ASSIGNMENT: The lines from the start of the records through the one containing "Violet Descends: A Seven Lights Novel" are to be restated word for word; please include both ends.

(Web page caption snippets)
-*-

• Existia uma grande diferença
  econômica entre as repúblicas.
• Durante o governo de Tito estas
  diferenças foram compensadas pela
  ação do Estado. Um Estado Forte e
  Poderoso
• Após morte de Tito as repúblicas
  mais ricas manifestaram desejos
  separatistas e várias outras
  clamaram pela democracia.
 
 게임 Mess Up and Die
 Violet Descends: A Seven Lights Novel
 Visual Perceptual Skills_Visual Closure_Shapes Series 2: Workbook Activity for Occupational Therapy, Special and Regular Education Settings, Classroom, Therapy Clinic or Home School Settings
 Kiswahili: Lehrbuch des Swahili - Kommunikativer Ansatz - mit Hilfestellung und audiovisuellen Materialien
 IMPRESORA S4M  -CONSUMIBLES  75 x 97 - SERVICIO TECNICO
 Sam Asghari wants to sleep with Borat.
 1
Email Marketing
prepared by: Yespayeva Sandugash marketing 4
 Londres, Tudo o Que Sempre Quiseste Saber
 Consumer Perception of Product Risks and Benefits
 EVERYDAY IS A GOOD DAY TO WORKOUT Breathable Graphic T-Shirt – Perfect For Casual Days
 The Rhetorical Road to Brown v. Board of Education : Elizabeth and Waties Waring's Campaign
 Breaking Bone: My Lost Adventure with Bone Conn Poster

-*-

ANSWER TO THIS PROBLEM:
• Existia uma grande diferença
  econômica entre as repúblicas.
• Durante o governo de Tito estas
  diferenças foram compensadas pela
  ação do Estado. Um Estado Forte e
  Poderoso
• Após morte de Tito as repúblicas
  mais ricas manifestaram desejos
  separatistas e várias outras
  clamaram pela democracia.
 
 게임 Mess Up and Die
 Violet Descends: A Seven Lights Novel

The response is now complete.